Records contained in a dataset:
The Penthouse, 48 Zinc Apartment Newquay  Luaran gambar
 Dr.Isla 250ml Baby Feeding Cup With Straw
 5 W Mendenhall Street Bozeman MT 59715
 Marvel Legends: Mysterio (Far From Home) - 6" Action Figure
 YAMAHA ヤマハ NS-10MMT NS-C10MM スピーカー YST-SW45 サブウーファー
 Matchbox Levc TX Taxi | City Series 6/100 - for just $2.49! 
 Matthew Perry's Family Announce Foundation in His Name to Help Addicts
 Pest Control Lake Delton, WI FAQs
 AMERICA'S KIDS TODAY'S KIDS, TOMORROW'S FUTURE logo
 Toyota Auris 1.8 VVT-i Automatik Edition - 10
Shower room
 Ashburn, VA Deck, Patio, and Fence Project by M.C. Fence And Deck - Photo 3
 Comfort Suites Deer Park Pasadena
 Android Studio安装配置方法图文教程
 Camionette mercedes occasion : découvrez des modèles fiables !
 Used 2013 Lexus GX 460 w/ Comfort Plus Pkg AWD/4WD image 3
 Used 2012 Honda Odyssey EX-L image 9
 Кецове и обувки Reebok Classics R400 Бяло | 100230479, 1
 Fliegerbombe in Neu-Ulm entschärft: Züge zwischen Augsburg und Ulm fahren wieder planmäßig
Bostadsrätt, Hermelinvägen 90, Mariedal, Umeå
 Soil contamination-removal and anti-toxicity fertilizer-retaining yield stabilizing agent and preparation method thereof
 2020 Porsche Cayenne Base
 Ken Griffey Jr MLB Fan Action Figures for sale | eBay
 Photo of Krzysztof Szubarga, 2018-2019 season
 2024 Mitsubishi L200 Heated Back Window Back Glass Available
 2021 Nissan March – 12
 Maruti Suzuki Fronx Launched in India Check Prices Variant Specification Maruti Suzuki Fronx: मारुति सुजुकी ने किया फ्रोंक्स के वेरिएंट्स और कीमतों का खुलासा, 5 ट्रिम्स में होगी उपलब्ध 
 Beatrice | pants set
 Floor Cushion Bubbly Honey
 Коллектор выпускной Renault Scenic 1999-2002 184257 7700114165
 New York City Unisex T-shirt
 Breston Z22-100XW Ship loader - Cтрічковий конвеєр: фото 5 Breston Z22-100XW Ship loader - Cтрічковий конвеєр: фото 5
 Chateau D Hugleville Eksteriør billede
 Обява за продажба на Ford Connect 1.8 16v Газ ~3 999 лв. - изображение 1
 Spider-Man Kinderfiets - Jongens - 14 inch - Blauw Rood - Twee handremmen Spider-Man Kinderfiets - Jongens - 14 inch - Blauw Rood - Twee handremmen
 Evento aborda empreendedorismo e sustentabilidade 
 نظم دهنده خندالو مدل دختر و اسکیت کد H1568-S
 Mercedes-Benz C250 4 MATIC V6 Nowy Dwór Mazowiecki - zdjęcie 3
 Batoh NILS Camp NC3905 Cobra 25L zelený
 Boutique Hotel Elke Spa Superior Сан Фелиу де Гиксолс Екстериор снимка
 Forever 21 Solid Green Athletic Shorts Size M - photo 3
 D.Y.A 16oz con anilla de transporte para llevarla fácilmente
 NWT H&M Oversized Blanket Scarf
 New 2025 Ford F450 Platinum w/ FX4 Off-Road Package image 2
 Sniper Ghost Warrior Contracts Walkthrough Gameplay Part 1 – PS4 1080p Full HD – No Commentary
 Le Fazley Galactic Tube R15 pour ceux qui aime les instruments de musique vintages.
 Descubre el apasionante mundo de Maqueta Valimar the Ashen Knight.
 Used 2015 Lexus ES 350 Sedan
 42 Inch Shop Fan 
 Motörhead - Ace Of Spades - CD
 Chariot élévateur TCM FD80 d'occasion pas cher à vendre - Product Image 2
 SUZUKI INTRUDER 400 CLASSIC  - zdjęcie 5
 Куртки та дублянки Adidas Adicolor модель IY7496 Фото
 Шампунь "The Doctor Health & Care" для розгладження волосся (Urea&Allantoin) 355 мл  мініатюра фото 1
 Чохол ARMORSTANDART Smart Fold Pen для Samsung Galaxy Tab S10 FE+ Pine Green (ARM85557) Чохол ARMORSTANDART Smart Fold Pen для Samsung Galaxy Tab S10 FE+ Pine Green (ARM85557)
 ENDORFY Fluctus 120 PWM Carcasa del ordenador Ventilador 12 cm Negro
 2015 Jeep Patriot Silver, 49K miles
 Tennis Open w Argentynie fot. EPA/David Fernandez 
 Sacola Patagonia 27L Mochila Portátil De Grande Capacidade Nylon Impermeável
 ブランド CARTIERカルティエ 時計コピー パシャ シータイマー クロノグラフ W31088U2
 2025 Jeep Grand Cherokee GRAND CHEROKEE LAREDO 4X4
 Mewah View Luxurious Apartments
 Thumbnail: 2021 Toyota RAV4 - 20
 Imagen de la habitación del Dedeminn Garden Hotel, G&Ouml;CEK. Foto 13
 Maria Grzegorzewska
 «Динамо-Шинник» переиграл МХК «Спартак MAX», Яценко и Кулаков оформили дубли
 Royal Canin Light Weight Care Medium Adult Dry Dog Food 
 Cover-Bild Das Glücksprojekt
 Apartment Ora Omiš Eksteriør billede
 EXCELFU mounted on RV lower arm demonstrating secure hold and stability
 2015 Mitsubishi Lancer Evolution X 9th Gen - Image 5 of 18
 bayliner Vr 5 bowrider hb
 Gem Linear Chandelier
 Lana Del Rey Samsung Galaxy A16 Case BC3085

INSTRUCTIONS TO FOLLOW:
Return every entry exactly; no line may be missing.

RESPONSE BOX:
The Penthouse, 48 Zinc Apartment Newquay  Luaran gambar
 Dr.Isla 250ml Baby Feeding Cup With Straw
 5 W Mendenhall Street Bozeman MT 59715
 Marvel Legends: Mysterio (Far From Home) - 6" Action Figure
 YAMAHA ヤマハ NS-10MMT NS-C10MM スピーカー YST-SW45 サブウーファー
 Matchbox Levc TX Taxi | City Series 6/100 - for just $2.49! 
 Matthew Perry's Family Announce Foundation in His Name to Help Addicts
 Pest Control Lake Delton, WI FAQs
 AMERICA'S KIDS TODAY'S KIDS, TOMORROW'S FUTURE logo
 Toyota Auris 1.8 VVT-i Automatik Edition - 10
Shower room
 Ashburn, VA Deck, Patio, and Fence Project by M.C. Fence And Deck - Photo 3
 Comfort Suites Deer Park Pasadena
 Android Studio安装配置方法图文教程
 Camionette mercedes occasion : découvrez des modèles fiables !
 Used 2013 Lexus GX 460 w/ Comfort Plus Pkg AWD/4WD image 3
 Used 2012 Honda Odyssey EX-L image 9
 Кецове и обувки Reebok Classics R400 Бяло | 100230479, 1
 Fliegerbombe in Neu-Ulm entschärft: Züge zwischen Augsburg und Ulm fahren wieder planmäßig
Bostadsrätt, Hermelinvägen 90, Mariedal, Umeå
 Soil contamination-removal and anti-toxicity fertilizer-retaining yield stabilizing agent and preparation method thereof
 2020 Porsche Cayenne Base
 Ken Griffey Jr MLB Fan Action Figures for sale | eBay
 Photo of Krzysztof Szubarga, 2018-2019 season
 2024 Mitsubishi L200 Heated Back Window Back Glass Available
 2021 Nissan March – 12
 Maruti Suzuki Fronx Launched in India Check Prices Variant Specification Maruti Suzuki Fronx: मारुति सुजुकी ने किया फ्रोंक्स के वेरिएंट्स और कीमतों का खुलासा, 5 ट्रिम्स में होगी उपलब्ध 
 Beatrice | pants set
 Floor Cushion Bubbly Honey
 Коллектор выпускной Renault Scenic 1999-2002 184257 7700114165
 New York City Unisex T-shirt
 Breston Z22-100XW Ship loader - Cтрічковий конвеєр: фото 5 Breston Z22-100XW Ship loader - Cтрічковий конвеєр: фото 5
 Chateau D Hugleville Eksteriør billede
 Обява за продажба на Ford Connect 1.8 16v Газ ~3 999 лв. - изображение 1
 Spider-Man Kinderfiets - Jongens - 14 inch - Blauw Rood - Twee handremmen Spider-Man Kinderfiets - Jongens - 14 inch - Blauw Rood - Twee handremmen
 Evento aborda empreendedorismo e sustentabilidade 
 نظم دهنده خندالو مدل دختر و اسکیت کد H1568-S
 Mercedes-Benz C250 4 MATIC V6 Nowy Dwór Mazowiecki - zdjęcie 3
 Batoh NILS Camp NC3905 Cobra 25L zelený
 Boutique Hotel Elke Spa Superior Сан Фелиу де Гиксолс Екстериор снимка
 Forever 21 Solid Green Athletic Shorts Size M - photo 3
 D.Y.A 16oz con anilla de transporte para llevarla fácilmente
 NWT H&M Oversized Blanket Scarf
 New 2025 Ford F450 Platinum w/ FX4 Off-Road Package image 2
 Sniper Ghost Warrior Contracts Walkthrough Gameplay Part 1 – PS4 1080p Full HD – No Commentary
 Le Fazley Galactic Tube R15 pour ceux qui aime les instruments de musique vintages.
 Descubre el apasionante mundo de Maqueta Valimar the Ashen Knight.
 Used 2015 Lexus ES 350 Sedan
 42 Inch Shop Fan 
 Motörhead - Ace Of Spades - CD
 Chariot élévateur TCM FD80 d'occasion pas cher à vendre - Product Image 2
 SUZUKI INTRUDER 400 CLASSIC  - zdjęcie 5
 Куртки та дублянки Adidas Adicolor модель IY7496 Фото
 Шампунь "The Doctor Health & Care" для розгладження волосся (Urea&Allantoin) 355 мл  мініатюра фото 1
 Чохол ARMORSTANDART Smart Fold Pen для Samsung Galaxy Tab S10 FE+ Pine Green (ARM85557) Чохол ARMORSTANDART Smart Fold Pen для Samsung Galaxy Tab S10 FE+ Pine Green (ARM85557)
 ENDORFY Fluctus 120 PWM Carcasa del ordenador Ventilador 12 cm Negro
 2015 Jeep Patriot Silver, 49K miles
 Tennis Open w Argentynie fot. EPA/David Fernandez 
 Sacola Patagonia 27L Mochila Portátil De Grande Capacidade Nylon Impermeável
 ブランド CARTIERカルティエ 時計コピー パシャ シータイマー クロノグラフ W31088U2
 2025 Jeep Grand Cherokee GRAND CHEROKEE LAREDO 4X4
 Mewah View Luxurious Apartments
 Thumbnail: 2021 Toyota RAV4 - 20
 Imagen de la habitación del Dedeminn Garden Hotel, G&Ouml;CEK. Foto 13
 Maria Grzegorzewska
 «Динамо-Шинник» переиграл МХК «Спартак MAX», Яценко и Кулаков оформили дубли
 Royal Canin Light Weight Care Medium Adult Dry Dog Food 
 Cover-Bild Das Glücksprojekt
 Apartment Ora Omiš Eksteriør billede
 EXCELFU mounted on RV lower arm demonstrating secure hold and stability
 2015 Mitsubishi Lancer Evolution X 9th Gen - Image 5 of 18
 bayliner Vr 5 bowrider hb
 Gem Linear Chandelier
 Lana Del Rey Samsung Galaxy A16 Case BC3085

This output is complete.